Debuting at the Milan Furniture Fair this past spring was one very familiar looking chair. The iconic Emeco aluminum Navy chair was developed back in 1944 and is a widely recognized symbol of mid-century American design. However, this years fair saw a new Navy chair that despite all the familiar lines was something all together different. Dubbed the 111 Navy chair, this chair is composed of a specially formulated composite containing 111 recycled plastic bottles. The chair is part of a joint venture between Emeco and Coca-cola, and is over 4-years in the making. The result is a strikingly colorful plastic version of the original classic that carries a message to consumers that up-cycling our plastic waste can be both viable and beautiful.
The 111 Navy is constructed from a hollow one-piece injection molding with a semi-gloss scratch resistant surface. It comes in 6 bold colors including Coca-Cola red, snow, flint gray, grass, persimmon and charcoal. The 111 recycled PET bottles make up about 60% of the chair which is reinforced with glass fiber to achieve the desired structural integrity. Around 300 million recycled Coca-Cola bottles will go into 1 year of production for the chair. This is just a fraction of the bottles Coke produces but regardless is an impressive example of upcycling use for soda bottles.
Coca-cola has long been involved in various large scale projects attempting to reinvest the company and it’s brand in better recycling strategies and awareness amongst consumers. This particular venture is also unique in that it resulted in a product that is not immediately identifiable as being part of the Coca-cola brand. In fact, the designers stayed quite true to the original Emeco chair. Rather than emblazoning the chair with Coke’s strong visual equities, as with other promotional objects, they restrained themselves to including just a small raised bottle detail on the top of the chair back. Other than a familiar color scheme, what’s really left is a nice plastic version of the classic aluminum design, with the balanced visual appeal and heritage of the original Navy chair. What I find most interesting is the way this product ties together two, previously unrelated, classic American design icons of such differing recognition. This may be appealing merely for its irony, but regardless it creates an interesting narrative.
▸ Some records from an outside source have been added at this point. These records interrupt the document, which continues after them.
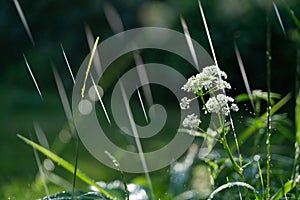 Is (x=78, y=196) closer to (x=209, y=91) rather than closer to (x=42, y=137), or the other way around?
(x=209, y=91)

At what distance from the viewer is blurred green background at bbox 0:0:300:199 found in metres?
5.06

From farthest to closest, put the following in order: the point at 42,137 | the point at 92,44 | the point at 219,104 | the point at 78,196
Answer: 1. the point at 92,44
2. the point at 42,137
3. the point at 78,196
4. the point at 219,104

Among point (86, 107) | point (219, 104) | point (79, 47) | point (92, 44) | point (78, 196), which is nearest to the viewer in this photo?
point (219, 104)

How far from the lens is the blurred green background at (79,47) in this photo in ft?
16.6

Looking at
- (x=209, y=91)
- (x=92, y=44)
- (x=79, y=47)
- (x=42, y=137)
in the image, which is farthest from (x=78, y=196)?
(x=79, y=47)

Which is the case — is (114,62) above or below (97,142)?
above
Recycling, and more specifically upcycling remains a challenging proposition to most companies. The crux of the problem is that the business and infrastructure for collecting usable waste materials like plastic bottles remains fragmented and under-serving to the volume created. This is compounded by the fact that a growing global economy insures that inexpensive raw materials are always available. Certain materials may have great potential for becoming more widely used manufacturing stocks, but there must be a greater effort to consolidate the collection, cleaning, and processing of such materials before the demand for producing mass market products can be met. It will be expensive to implement, but has long term advantage to whomever captures ‘the stream’. Coke just took one step closer.